Wallaroo MLOps API Essentials Guide: Model Registry
Table of Contents
Wallaroo users can register their trained machine learning models from a model registry into their Wallaroo instance and perform inferences with it through a Wallaroo pipeline.
This guide details how to add ML Models from a model registry service into a Wallaroo instance.
Artifact Requirements
Models are uploaded to the Wallaroo instance as the specific artifact - the “file” or other data that represents the file itself. This must comply with the Wallaroo model requirements framework and version or it will not be deployed. Note that for models that fall outside of the supported model types, they can be registered to a Wallaroo workspace as MLFlow 1.30.0 containerized models.
Registry Services Roles
Registry service use in Wallaroo typically falls under the following roles.
Role | Recommended Actions | Description |
---|---|---|
DevOps Engineer | Create Model Registry | Create the model (AKA artifact) registry service |
Retrieve Model Registry Tokens | Generate the model registry service credentials. | |
MLOps Engineer | Connect Model Registry to Wallaroo | Add the Registry Service URL and credentials into a Wallaroo instance for use by other users and scripts. |
Add Wallaroo Registry Service to Workspace | Add the registry service configuration to a Wallaroo workspace for use by workspace users. | |
Get Registry Details | Retrieve the connection details for a Wallaroo registry. | |
Remove Wallaroo Registry from a Workspace | Add the registry service configuration to a Wallaroo workspace for use by workspace users. | |
Data Scientist | List Models in Registry | List available models in a model registry. |
List Model Version Artifacts | Retrieve the artifacts (usually files) for a model stored in a model registry. | |
Upload Model from Registry | Upload a model and artifacts stored in a model registry into a Wallaroo workspace. |
Model Registry Operations
The following links to guides and information on setting up a model registry (also known as an artifact registry).
Create Model Registry
See Model serving with Azure Databricks for setting up a model registry service using Azure Databricks.

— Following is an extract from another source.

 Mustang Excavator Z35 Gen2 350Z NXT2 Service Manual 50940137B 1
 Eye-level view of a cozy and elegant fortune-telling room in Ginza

The following steps create an Access Token used to authenticate to an Azure Databricks Model Registry.
- Log into the Azure Databricks workspace.
- From the upper right corner access the User Settings.
- From the Access tokens, select Generate new token.
- Specify any token description and lifetime. Once complete, select Generate.
- Copy the token and store in a secure place. Once the Generate New Token module is closed, the token will not be retrievable.
The MLflow Model Registry provides a method of setting up a model registry service. Full details can be found at the MLflow Registry Guides.
A generic MLFlow model registry requires no token.
Wallaroo Registry Operations
- Connect Model Registry to Wallaroo: This details the link and connection information to a existing MLFlow registry service. Note that this does not create a MLFlow registry service, but adds the connection and credentials to Wallaroo to allow that MLFlow registry service to be used by other entities in the Wallaroo instance.
- Add a Registry to a Workspace: Add the created Wallaroo Model Registry so make it available to other workspace members.
- Remove a Registry from a Workspace: Remove the link between a Wallaroo Model Registry and a Wallaroo workspace.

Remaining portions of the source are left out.